[Web page caption snippets]

Start of Block

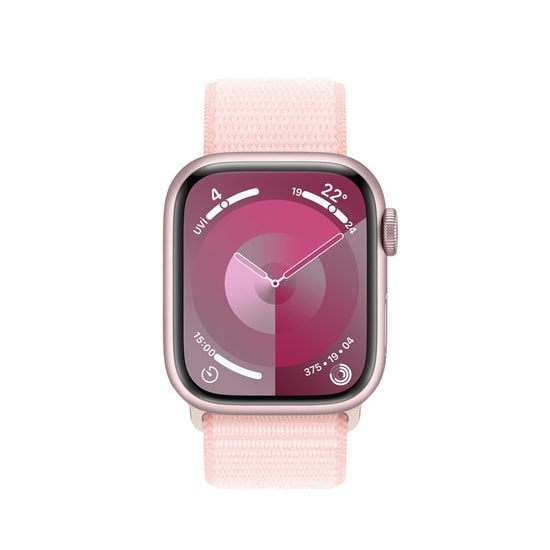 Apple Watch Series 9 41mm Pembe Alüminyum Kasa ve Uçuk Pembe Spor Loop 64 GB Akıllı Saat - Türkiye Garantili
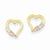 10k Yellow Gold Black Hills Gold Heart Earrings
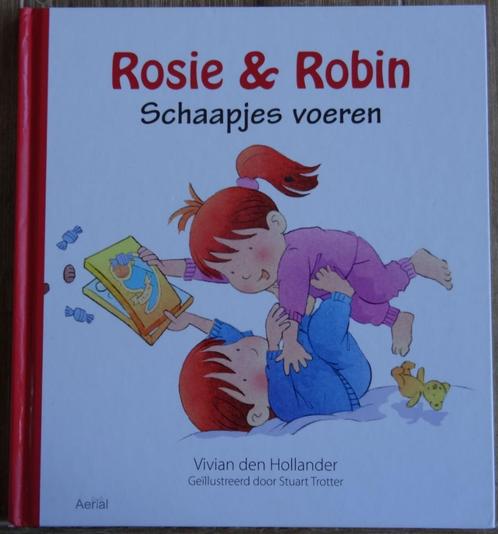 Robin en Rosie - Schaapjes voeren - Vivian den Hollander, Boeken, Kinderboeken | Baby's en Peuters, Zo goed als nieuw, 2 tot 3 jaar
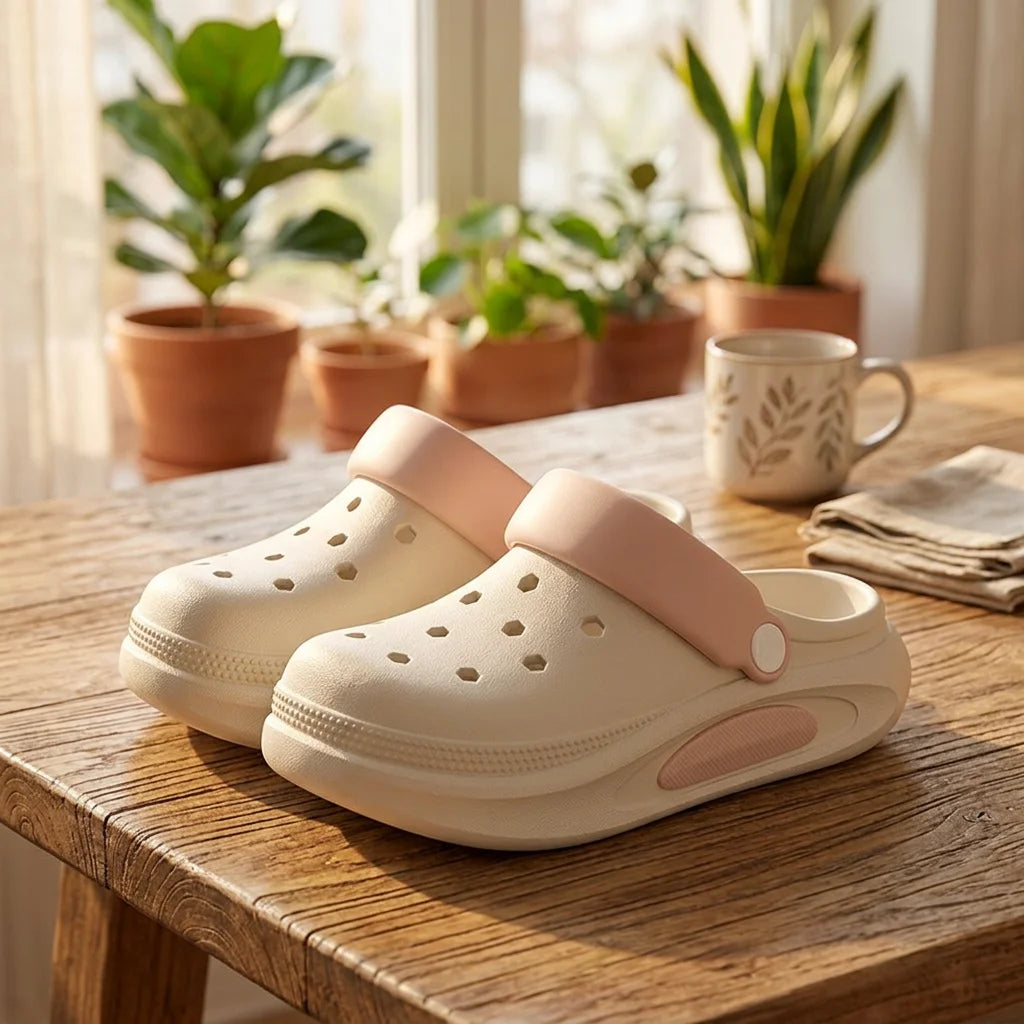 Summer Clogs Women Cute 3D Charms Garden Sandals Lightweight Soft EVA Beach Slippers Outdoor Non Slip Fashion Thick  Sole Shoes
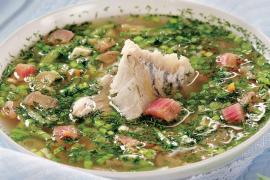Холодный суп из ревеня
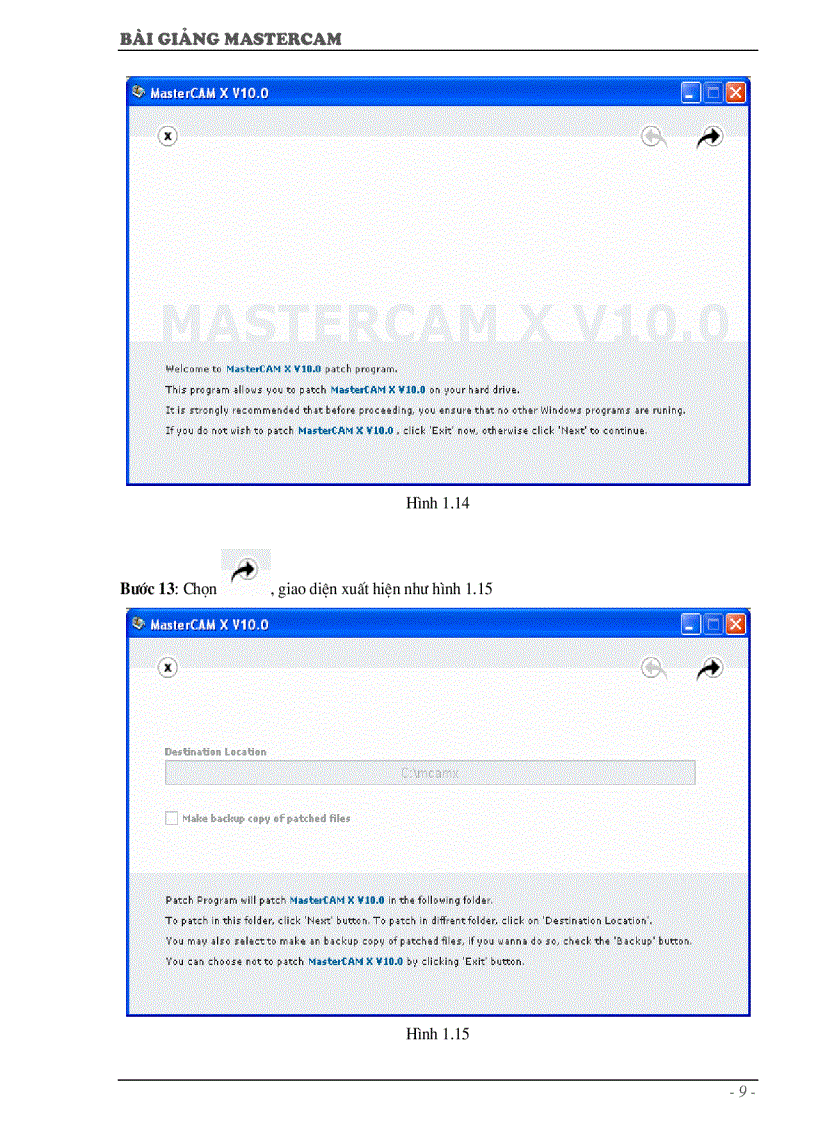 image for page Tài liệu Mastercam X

End of Block

### Your task
The records above are to be restated exactly, without their pictures.

### Solution to the exercise
 Apple Watch Series 9 41mm Pembe Alüminyum Kasa ve Uçuk Pembe Spor Loop 64 GB Akıllı Saat - Türkiye Garantili
 10k Yellow Gold Black Hills Gold Heart Earrings
 Robin en Rosie - Schaapjes voeren - Vivian den Hollander, Boeken, Kinderboeken | Baby's en Peuters, Zo goed als nieuw, 2 tot 3 jaar
 Summer Clogs Women Cute 3D Charms Garden Sandals Lightweight Soft EVA Beach Slippers Outdoor Non Slip Fashion Thick  Sole Shoes
Холодный суп из ревеня
 image for page Tài liệu Mastercam X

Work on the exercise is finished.